# What to do:
Reproduce every line below exactly as written; do not include the images.

(Captioned web images)
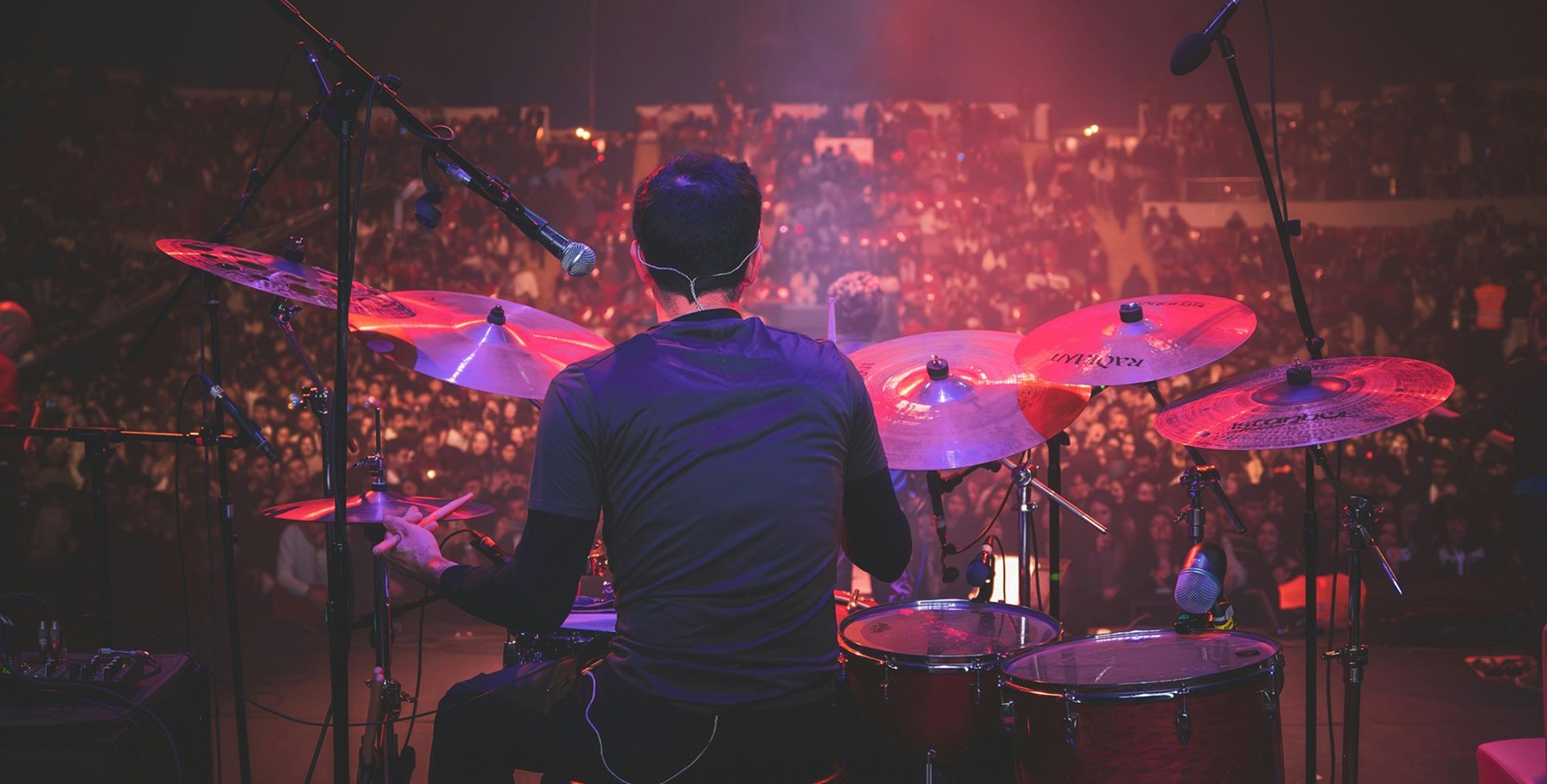 percussionist on drum set performing on stage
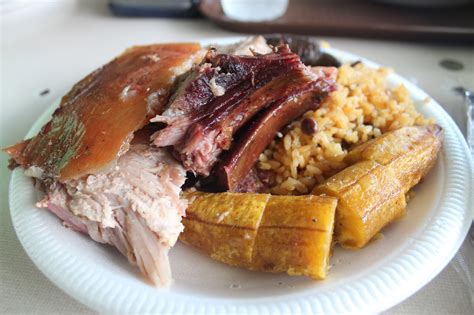 Lechon (roasted pig), plantain, rice and pigeon peas, blood sausage ...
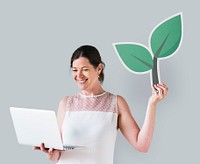 Woman holding a plant icon and using a laptop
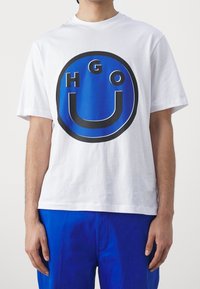 Camiseta de algodón blanca con un gran gráfico circular azul donde aparecen las letras "HGO" en negro y un diseño de cara sonriente.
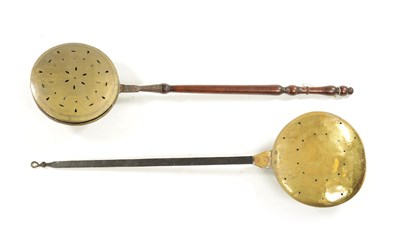 Lot 284 - A 17TH CENTURY BRASS WARMING PAN AND AN 18TH CENTURY BRASS PIERCED WARMING PAN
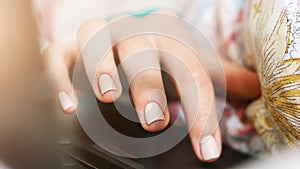 Young woman hand with manicure types on laptop touchpad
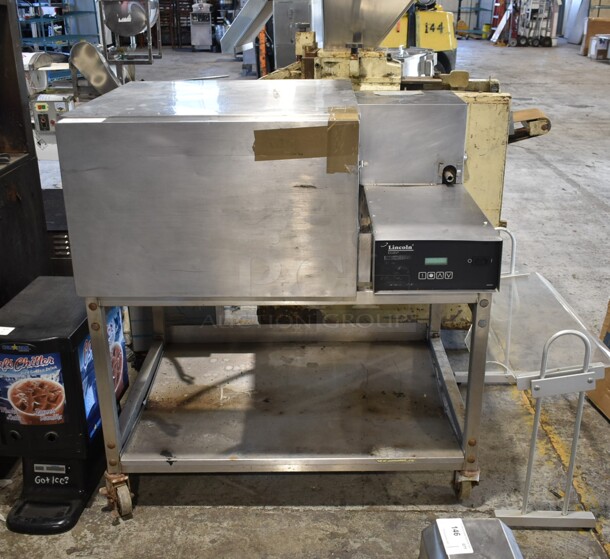 Lincoln Impinger Stainless Steel Commercial Electric Powered Single Deck Conveyor Pizza Oven on Commercial Casters Missing Conveyor. 3 Phase. - Image 1 of 5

# Your response:
 percussionist on drum set performing on stage
 Lechon (roasted pig), plantain, rice and pigeon peas, blood sausage ...
 Woman holding a plant icon and using a laptop
 Camiseta de algodón blanca con un gran gráfico circular azul donde aparecen las letras "HGO" en negro y un diseño de cara sonriente.
 Lot 284 - A 17TH CENTURY BRASS WARMING PAN AND AN 18TH CENTURY BRASS PIERCED WARMING PAN
 Young woman hand with manicure types on laptop touchpad
 Lincoln Impinger Stainless Steel Commercial Electric Powered Single Deck Conveyor Pizza Oven on Commercial Casters Missing Conveyor. 3 Phase. - Image 1 of 5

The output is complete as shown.